_TASK DESCRIPTION_:
Write out, word for word and with no pictures, each line below from the one containing "Un impresionante tablero" through the one containing "Invitations En Acrylique", both included, and no other line.

_TASK MATERIAL_:
........
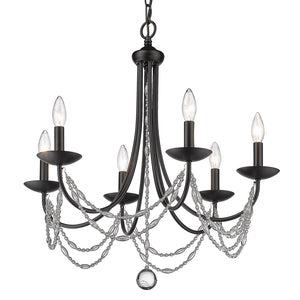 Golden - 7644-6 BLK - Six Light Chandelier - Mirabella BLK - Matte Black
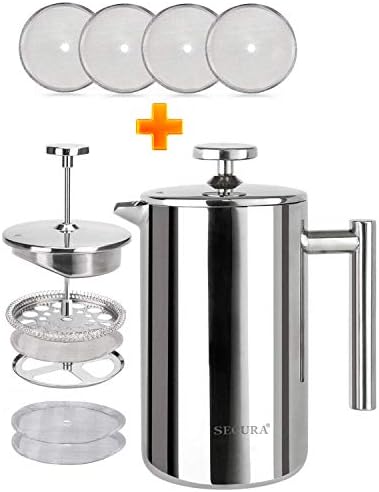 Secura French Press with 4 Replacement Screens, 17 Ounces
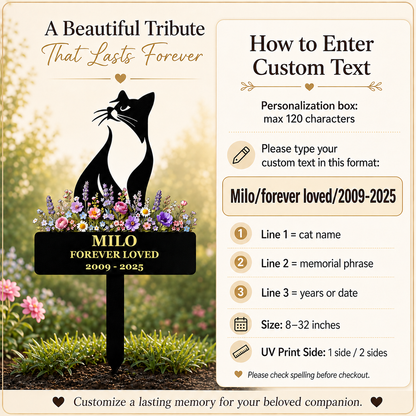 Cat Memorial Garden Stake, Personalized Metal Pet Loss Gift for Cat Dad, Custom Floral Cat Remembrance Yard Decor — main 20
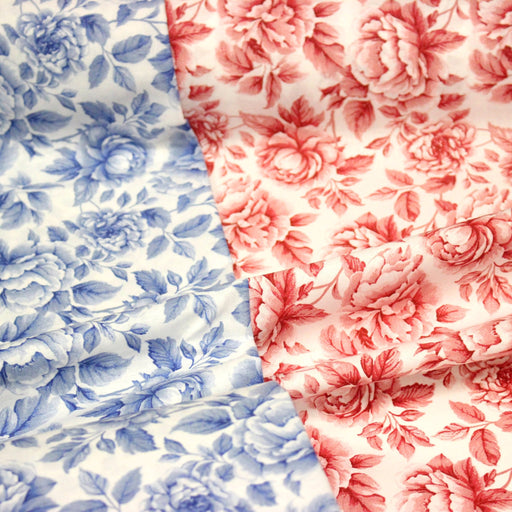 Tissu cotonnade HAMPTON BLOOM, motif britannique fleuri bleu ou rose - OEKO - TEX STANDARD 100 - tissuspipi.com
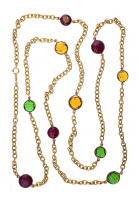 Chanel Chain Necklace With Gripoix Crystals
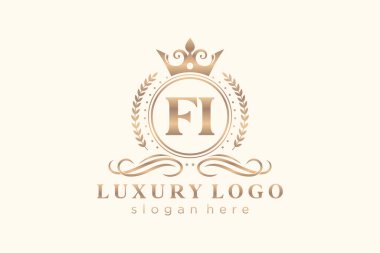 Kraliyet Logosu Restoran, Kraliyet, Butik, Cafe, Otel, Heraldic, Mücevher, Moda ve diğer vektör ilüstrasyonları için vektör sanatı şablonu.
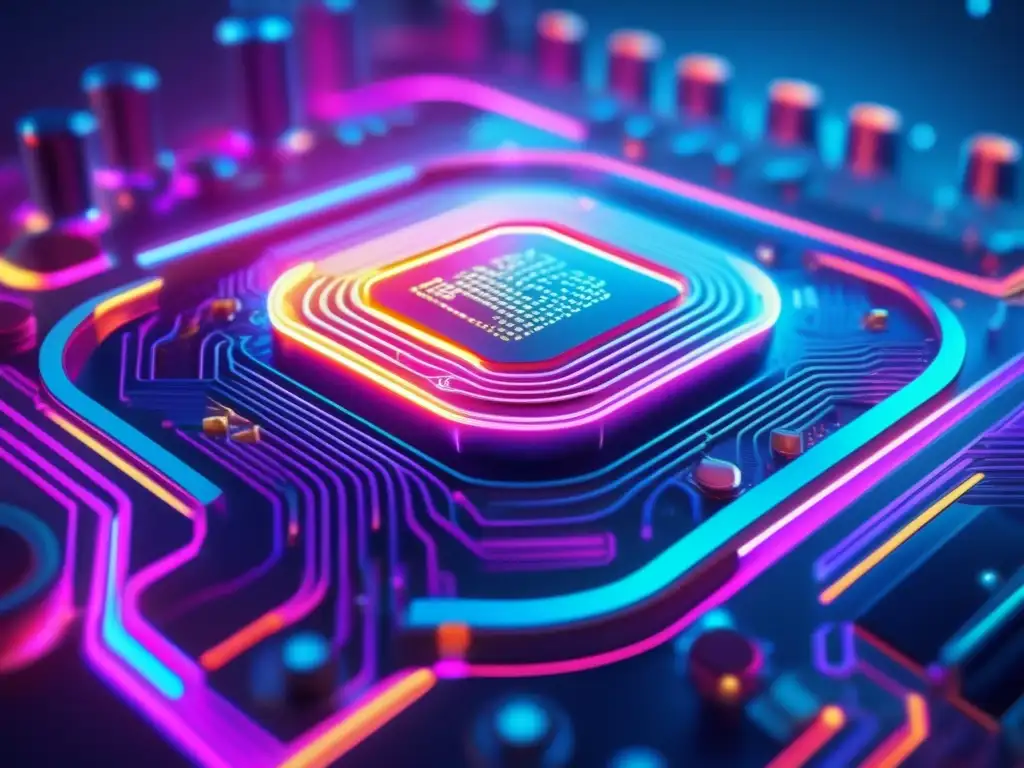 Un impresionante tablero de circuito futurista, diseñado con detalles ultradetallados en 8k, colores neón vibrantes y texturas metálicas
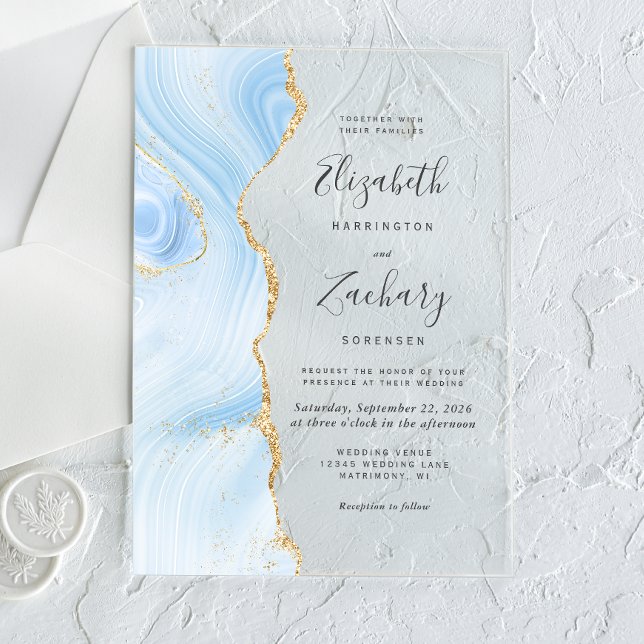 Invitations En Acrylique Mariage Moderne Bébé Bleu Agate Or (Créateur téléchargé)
........
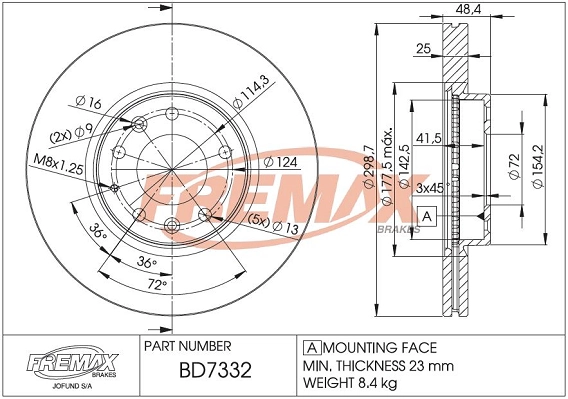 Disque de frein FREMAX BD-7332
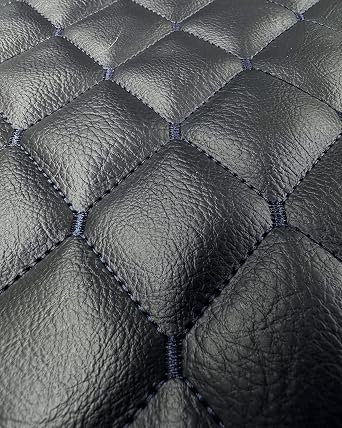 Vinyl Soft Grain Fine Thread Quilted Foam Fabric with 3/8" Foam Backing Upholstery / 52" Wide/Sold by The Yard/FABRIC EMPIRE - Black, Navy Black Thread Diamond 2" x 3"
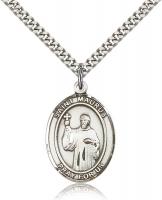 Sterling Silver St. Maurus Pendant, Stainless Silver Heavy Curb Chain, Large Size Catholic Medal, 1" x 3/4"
........
_OUTPUT OF THE TASK_:
 Un impresionante tablero de circuito futurista, diseñado con detalles ultradetallados en 8k, colores neón vibrantes y texturas metálicas
 Invitations En Acrylique Mariage Moderne Bébé Bleu Agate Or (Créateur téléchargé)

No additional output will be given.